I was reading the power integrity (http://www.altera.com/support/devices/power/integrity/pow-integrity.html) article on Altera's website and came across the recommendation for the Bulk Capacitor (47uF to 100uF). I'm supposed to have one 47uF-100uF capacitor for every two VCCIO banks. The chip I'm using only has two banks, so that means just one 47uF capacitor. 

 

My question now is, how to feed power to the decoupling capacitors? As of now, the power is fed directly from the source via a star-network. Each VCCIO/VCCINT pin is connected on its own via a 20mil trace. 

 

If I include the bulk cap, should I feed the power to the decoupling capacitors FROM the 47uF cap? In other words, make a localized star network for the chip rather then connecting them to the board network for power? This is what the schematic on the website seems to suggest. 

 

I obviously don't have a Vcc plane (or an unbroken ground plane).
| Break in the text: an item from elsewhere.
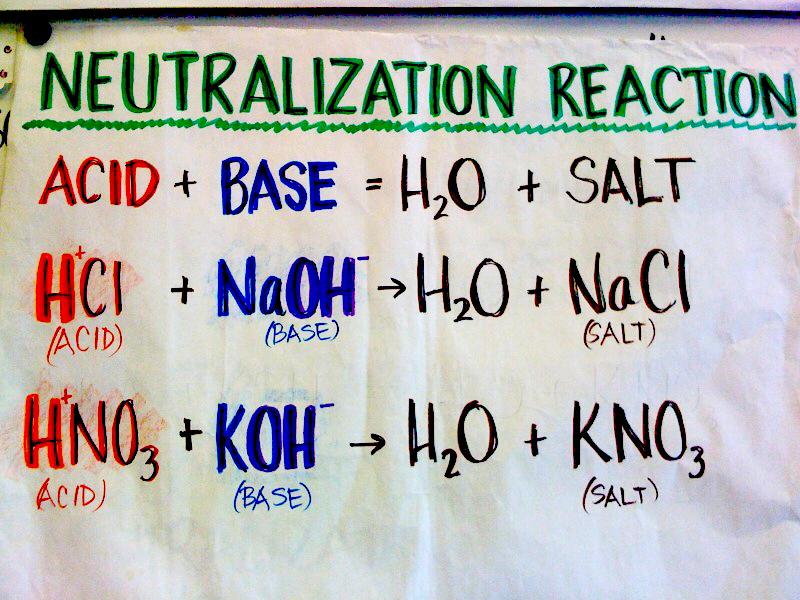 Neutralization Neutralization - complete reaction of an acid and a base. Antacids - contain a basic chemical that can neutralize stomach acid.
Those guidelines are intended to enable reliable high frequency operation; they also kind of assume you have a PCB with GND and power planes. 

 

Of course, for 62 kHz operation, there's much less concern. 

 

But the general idea is to place the capacitors as close to the device as possible, using the shortest widest trace you can, with priority for the small high frequency capacitors.

Thanks. I too would prefer a 4 layer board for this job, but there are no PCB manufactures that can do that here. If I want a 4 layer board, I'll have to go to a manufacturer out of the country! 

 

And since this is just a prototype board, that can be a bit cost prohibitive. 

 

My decoupling caps are quite close to the device with a direct connection, so thats taken care of. Do you think I can get away with not having the 47uF cap at all? Will the design be more robust if I choose to include one? 

 

I'm really only concerned about how to distribute power if I do have a bulk cap. Bring a thick trace to the bulk cap and then distribute power to the decoupling caps from that point onwards? 

 

Sort of like this: 

 

http://i.imgur.com/K2bGM.png

The reason for short wide traces is that long thin traces have higher inductance and, at high frequencies, that inductance becomes high impedance. 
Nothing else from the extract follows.